D.C. loves to slurp down oysters as much as any city. Just look around and you’re bound to find a restaurant shucking the succulent mollusks on the half shell, grilled or fried. Quality oysters come from all parts of America – many from the cold waters of Washington or Massachusetts. In fact, some of the best oysters are grown just a few hours away in Virginia’s Chesapeake Bay.
I had the wonderful opportunity recently to get a first-hand look at the lifespan of a Chesapeake Bay oyster, thanks to the gracious folks at Rappahannock River Oysters and Fords gin (more on that later).
Rappahannock has sites all around the bay, and visitors can stop by the company’s site in Topping, VA – about a two and a half hour drive from D.C. The Topping location is home to Merroir restaurant (784 Locklies Creek Rd), where you can dine on oysters, shellfish and other bounties of the bay and ocean. If that’s too far away, you can get an excellent taste at their Union Market (1309 5th St. NW) location in the city.
The drive down south is worth it though, as you’re rewarded with fantastic views of the bay and a relaxing vibe away from the hustle of the city. And with the hottest days of summer hopefully behind us, it’s an ideal time for a leisurely meal by the water.
Rappahannock uses native oysters and has an intricate system for raising them. In total, it takes about 18-24 months for oysters to mature to edible size. As babies, thousands of them live together in silt, sand and water.
As you can see, they definitely do not start out large enough to eat. Here’s a handful of baby oysters that are on their way to the raw bar.
The oysters can then be transferred to cages, where they can grow in a controlled environment while still getting the nutrients and water from the Chesapeake. It’s quite the operation – each one of these cages has thousands of oysters that can eventually be released into the ocean.
Once the oysters are large enough, they’re placed in lobster trap-looking contraptions and shuttled out into the bay to complete their growth process. There’s a complex system of locations and ropes that the oyster farmers use to keep track of their products. When they’re ready to eat, they’re pulled up out of the water and inspected for quality. Again, it takes around 18 to 24 months.
They can then be shipped out to stores and restaurants throughout the region and the country, including here at Merroir. It’s hard to get oysters that are any fresher than this!
Given that I was traveling with a bunch of gin lovers, there were plenty of martinis to go around. The gist of the pitch? That oysters and gin make a surprisingly great match. And it’s true. The clean, dry flavors of the gin play off the buttery, salty mollusk. It also makes for a classy food and drink pair.

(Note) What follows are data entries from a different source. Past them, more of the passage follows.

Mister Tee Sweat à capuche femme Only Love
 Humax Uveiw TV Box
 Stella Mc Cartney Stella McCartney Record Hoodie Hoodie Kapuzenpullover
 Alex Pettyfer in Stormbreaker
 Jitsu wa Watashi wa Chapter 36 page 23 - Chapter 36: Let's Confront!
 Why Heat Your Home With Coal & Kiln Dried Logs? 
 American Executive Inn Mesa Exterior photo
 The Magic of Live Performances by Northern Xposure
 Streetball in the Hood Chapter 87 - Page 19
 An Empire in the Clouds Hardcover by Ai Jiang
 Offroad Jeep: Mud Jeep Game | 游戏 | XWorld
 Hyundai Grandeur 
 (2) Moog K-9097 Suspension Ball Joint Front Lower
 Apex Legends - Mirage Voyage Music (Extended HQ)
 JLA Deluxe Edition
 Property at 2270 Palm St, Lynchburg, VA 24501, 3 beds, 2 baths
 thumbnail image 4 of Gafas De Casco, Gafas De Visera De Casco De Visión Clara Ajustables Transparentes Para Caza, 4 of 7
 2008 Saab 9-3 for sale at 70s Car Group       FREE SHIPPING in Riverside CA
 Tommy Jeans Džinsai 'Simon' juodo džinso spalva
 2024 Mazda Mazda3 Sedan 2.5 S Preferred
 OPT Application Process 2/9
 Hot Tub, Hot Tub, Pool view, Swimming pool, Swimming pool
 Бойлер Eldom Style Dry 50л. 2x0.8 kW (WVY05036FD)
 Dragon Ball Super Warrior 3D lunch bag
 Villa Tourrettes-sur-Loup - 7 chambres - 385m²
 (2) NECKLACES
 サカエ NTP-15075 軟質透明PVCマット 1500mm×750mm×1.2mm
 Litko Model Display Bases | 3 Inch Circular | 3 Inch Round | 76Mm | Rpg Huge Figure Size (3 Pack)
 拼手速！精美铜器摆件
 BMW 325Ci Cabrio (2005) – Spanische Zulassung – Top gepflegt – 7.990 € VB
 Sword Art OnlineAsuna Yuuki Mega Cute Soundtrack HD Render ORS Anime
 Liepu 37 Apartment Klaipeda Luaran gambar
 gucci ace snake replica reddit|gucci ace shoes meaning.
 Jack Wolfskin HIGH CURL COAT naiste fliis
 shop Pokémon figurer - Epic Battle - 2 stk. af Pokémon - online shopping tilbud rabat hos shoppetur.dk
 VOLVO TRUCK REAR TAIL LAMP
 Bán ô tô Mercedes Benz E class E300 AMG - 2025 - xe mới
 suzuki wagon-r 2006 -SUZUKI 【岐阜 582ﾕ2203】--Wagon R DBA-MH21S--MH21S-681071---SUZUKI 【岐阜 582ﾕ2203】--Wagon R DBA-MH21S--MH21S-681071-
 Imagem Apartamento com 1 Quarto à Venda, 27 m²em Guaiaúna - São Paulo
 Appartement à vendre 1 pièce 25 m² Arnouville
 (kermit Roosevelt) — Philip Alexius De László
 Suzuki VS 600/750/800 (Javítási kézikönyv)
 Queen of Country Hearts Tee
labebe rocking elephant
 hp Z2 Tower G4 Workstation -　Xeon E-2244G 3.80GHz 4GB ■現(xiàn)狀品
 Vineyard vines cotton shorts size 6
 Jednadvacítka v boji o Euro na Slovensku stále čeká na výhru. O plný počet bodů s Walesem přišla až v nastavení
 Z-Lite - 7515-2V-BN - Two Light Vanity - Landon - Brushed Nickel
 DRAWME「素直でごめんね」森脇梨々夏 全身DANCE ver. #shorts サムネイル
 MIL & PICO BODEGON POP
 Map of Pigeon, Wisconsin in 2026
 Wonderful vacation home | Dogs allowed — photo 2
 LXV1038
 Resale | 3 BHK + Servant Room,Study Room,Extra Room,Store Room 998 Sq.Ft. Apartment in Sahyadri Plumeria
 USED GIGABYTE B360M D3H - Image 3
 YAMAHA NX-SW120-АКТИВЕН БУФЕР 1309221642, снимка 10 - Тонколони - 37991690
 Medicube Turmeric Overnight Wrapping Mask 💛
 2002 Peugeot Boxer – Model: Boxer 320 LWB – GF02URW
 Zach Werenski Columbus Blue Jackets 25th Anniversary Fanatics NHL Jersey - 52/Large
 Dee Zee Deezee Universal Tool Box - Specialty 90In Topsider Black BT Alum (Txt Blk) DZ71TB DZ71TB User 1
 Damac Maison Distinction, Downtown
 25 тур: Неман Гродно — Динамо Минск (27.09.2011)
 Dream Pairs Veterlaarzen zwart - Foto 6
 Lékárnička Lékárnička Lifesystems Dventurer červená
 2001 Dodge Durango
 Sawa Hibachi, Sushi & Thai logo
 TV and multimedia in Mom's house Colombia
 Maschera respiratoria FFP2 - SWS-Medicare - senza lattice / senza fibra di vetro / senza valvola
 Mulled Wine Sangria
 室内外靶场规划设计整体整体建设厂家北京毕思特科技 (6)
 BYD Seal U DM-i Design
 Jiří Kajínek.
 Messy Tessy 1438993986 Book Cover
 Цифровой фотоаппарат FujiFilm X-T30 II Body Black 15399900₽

You’re favorite martini recipe would certainly do. If you’re looking for some inspiration, here’s a great recipe to follow, courtesy of Fords gin. It soups up the traditional recipe by adding a bit of sherry and grapefruit for a subtle nutty and sour kick.
2oz Fords Gin
0.75 Blanc vermouth
0.25 Fino sherry ( such as Tio Pepe)
2 dashes grapefruit bitters (or similar)
If you’re too lazy to make a martini, try mixing a splash of gin with the leftover brine of a raw oyster using the shell as a makeshift shot glass. Talk about using the whole animal.